Methods. RASFs were isolated from rheumatoid synovial tissues obtained from patients with RA during total knee arthroplasty. RASFs were treated with an HDAC inhibitor, trichostatin A (TSA), with or without US. Cell viability was estimated using the Trypan blue dye exclusion test and cell cycle was examined by flow cytometry using propidium iodide (PI) staining. Gene expression of cell cycle-related genes cyclin D, cyclin A, cyclin B and p21^WAF1/Cip1 was analysed by semi-quantitative RT-PCR. Detection of apoptosis was examined by flow cytometry using annexin V-FITC and PI staining. Microarray analysis was carried out to profile gene expression of inflammation-related genes.

Results. Dose-dependent decreases in cell viability, cell cycle arrest and apoptosis in RASFs due to TSA were observed. US treatment in the presence of microbubbles increased cellular uptake, but did not induce cell cycle arrest or apoptosis. The combination of TSA and US modulated cell cycle-related gene expression and significantly decreased S phase cells and increased G₂–M phase cells.
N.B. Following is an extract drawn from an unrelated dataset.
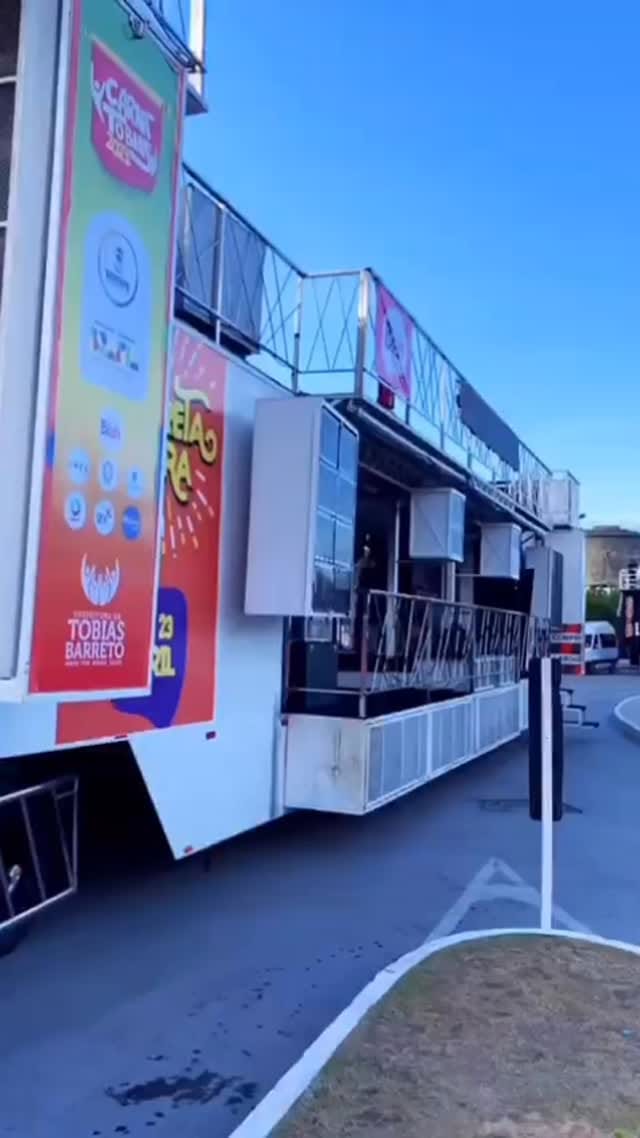 Post 3 by *MIL SHOWS ENTRETENIMENTO * on Instagram (video)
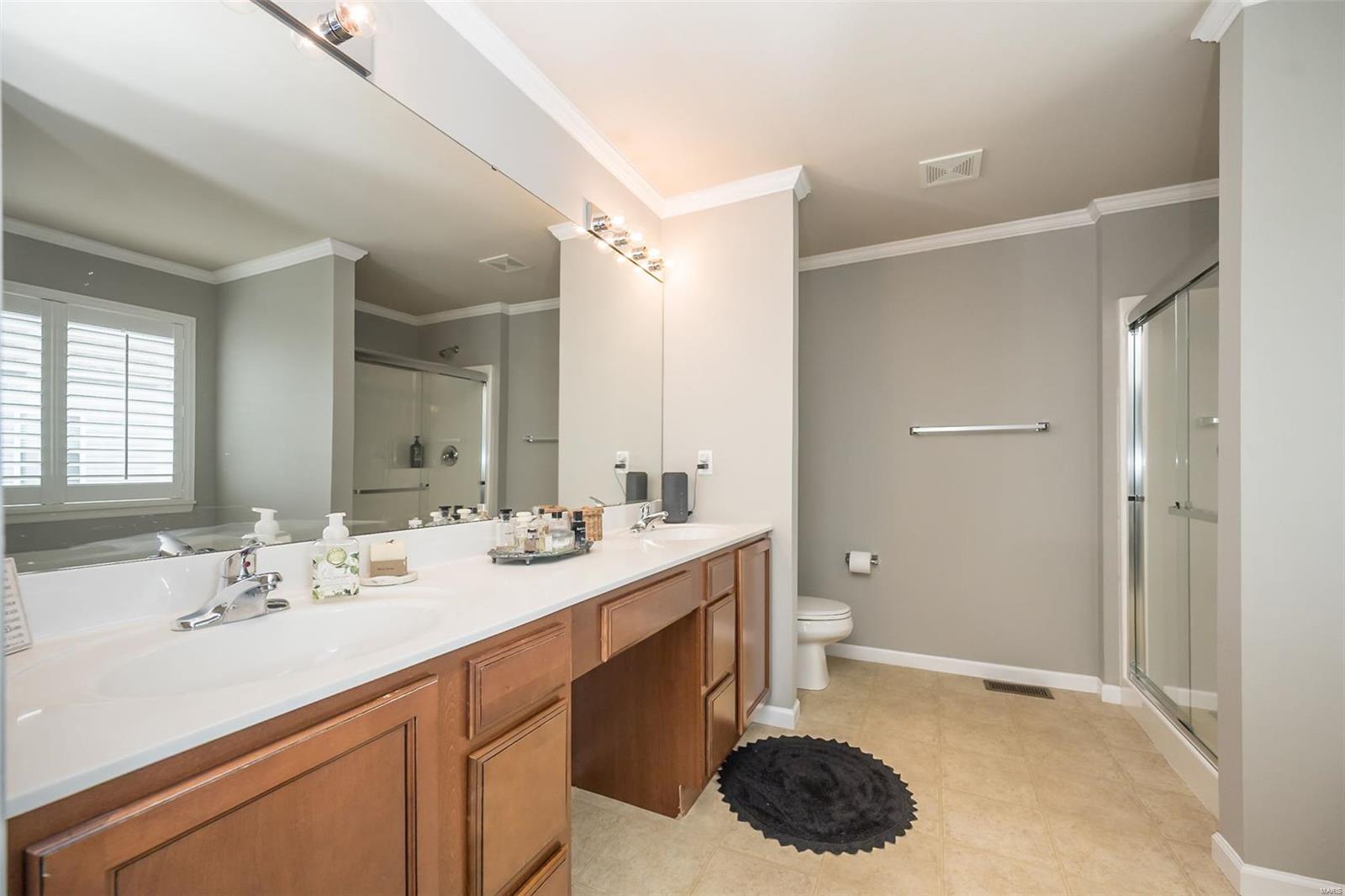 121 Central Park Avenue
US also further enhanced TSA-induced RASF apoptosis and regulated expression of inflammation-related genes.

Conclusions. HDAC inhibitor in combination with US effectively reduces cell viability and induces apoptosis in RASFs. The combination therapy could be useful to control synovial proliferation and inflammation, since US can be easily applied to targeted joints as local physiotherapy.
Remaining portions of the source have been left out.